**ABOUT THIS TASK:**
An exact copy of each line below is needed, with no images in it.

START INPUT DATA

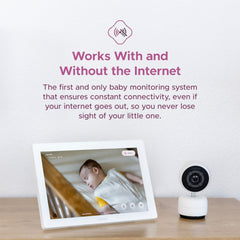 10-Inch Smart Baby Monitor with Tablet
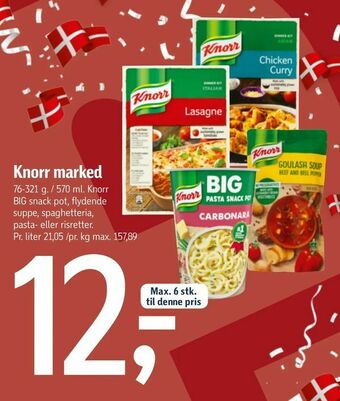 Føtex Knorr marked tilbud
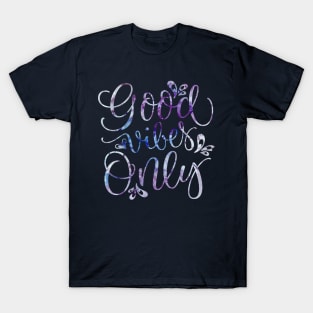 Good Vibes Only Watercolour T-Shirt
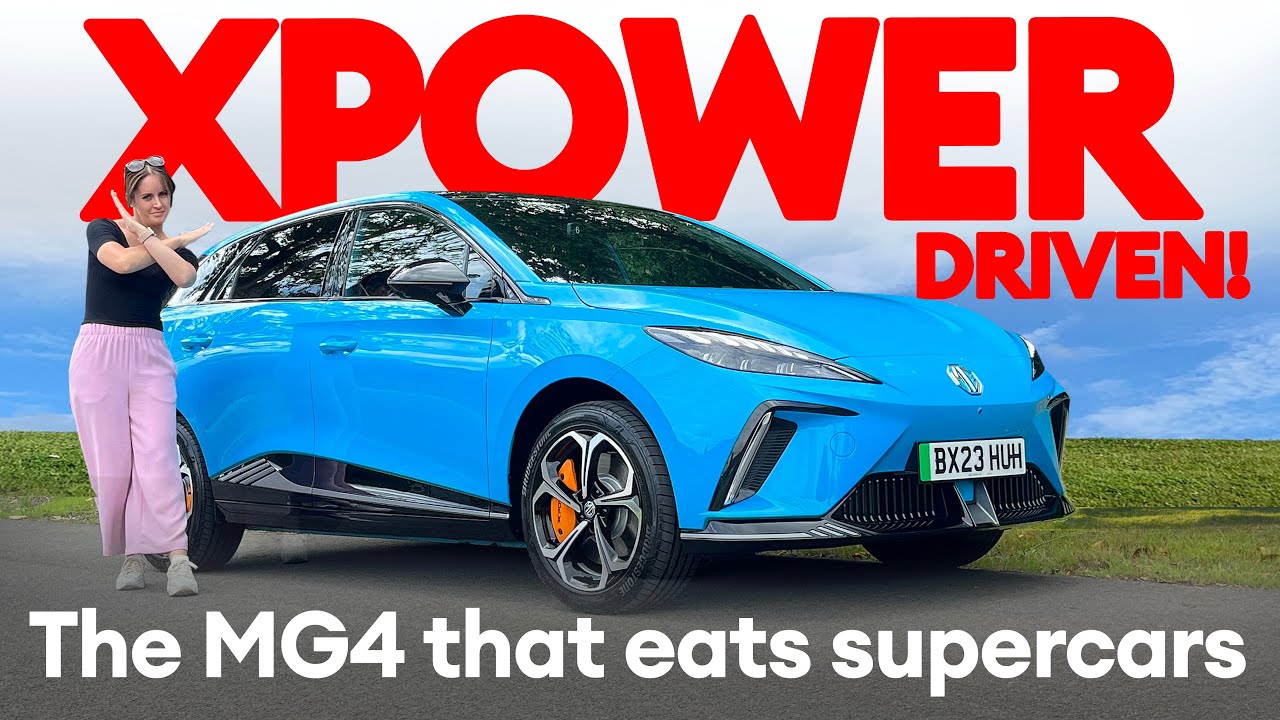 FIRST DRIVE: MG4 XPOWER - our verdict on the most powerful MG EVER!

END INPUT DATA

**EXERCISE RESPONSE:**
 10-Inch Smart Baby Monitor with Tablet
 Føtex Knorr marked tilbud
 Good Vibes Only Watercolour T-Shirt
 FIRST DRIVE: MG4 XPOWER - our verdict on the most powerful MG EVER!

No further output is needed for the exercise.